TASK STATEMENT: Copy out word for word the line with "4 Ensembles bloc" and the lines that follow it in the listing below, up to the final one.

DATA:
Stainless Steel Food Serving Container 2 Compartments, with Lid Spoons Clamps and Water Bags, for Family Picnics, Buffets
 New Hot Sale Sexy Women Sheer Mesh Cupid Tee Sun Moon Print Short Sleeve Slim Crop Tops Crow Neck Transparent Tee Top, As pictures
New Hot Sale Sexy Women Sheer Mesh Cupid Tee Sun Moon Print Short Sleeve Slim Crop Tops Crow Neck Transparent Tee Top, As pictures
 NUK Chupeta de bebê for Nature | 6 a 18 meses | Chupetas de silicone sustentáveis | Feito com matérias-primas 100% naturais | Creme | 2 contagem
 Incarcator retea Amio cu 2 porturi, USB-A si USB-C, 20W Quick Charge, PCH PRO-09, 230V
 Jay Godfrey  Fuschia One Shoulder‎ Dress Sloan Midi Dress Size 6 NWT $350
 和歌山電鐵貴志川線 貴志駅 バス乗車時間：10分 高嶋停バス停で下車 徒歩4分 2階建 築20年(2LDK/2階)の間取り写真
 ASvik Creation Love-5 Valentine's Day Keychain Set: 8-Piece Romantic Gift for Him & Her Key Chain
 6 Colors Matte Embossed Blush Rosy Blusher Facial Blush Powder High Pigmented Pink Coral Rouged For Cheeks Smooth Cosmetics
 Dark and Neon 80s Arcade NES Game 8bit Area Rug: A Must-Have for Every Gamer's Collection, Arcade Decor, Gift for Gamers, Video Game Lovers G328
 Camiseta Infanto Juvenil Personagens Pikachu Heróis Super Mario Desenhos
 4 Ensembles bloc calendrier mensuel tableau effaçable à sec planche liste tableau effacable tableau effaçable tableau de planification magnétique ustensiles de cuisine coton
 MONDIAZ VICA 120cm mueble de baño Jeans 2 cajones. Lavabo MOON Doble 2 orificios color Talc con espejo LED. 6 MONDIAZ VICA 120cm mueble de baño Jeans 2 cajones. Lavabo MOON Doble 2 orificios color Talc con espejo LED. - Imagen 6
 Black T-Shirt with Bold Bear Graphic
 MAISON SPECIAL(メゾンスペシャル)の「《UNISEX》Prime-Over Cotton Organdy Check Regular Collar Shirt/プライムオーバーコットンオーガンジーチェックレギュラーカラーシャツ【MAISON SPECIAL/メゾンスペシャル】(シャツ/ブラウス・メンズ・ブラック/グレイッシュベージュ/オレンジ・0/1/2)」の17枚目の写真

EXERCISE RESPONSE:
 4 Ensembles bloc calendrier mensuel tableau effaçable à sec planche liste tableau effacable tableau effaçable tableau de planification magnétique ustensiles de cuisine coton
 MONDIAZ VICA 120cm mueble de baño Jeans 2 cajones. Lavabo MOON Doble 2 orificios color Talc con espejo LED. 6 MONDIAZ VICA 120cm mueble de baño Jeans 2 cajones. Lavabo MOON Doble 2 orificios color Talc con espejo LED. - Imagen 6
 Black T-Shirt with Bold Bear Graphic
 MAISON SPECIAL(メゾンスペシャル)の「《UNISEX》Prime-Over Cotton Organdy Check Regular Collar Shirt/プライムオーバーコットンオーガンジーチェックレギュラーカラーシャツ【MAISON SPECIAL/メゾンスペシャル】(シャツ/ブラウス・メンズ・ブラック/グレイッシュベージュ/オレンジ・0/1/2)」の17枚目の写真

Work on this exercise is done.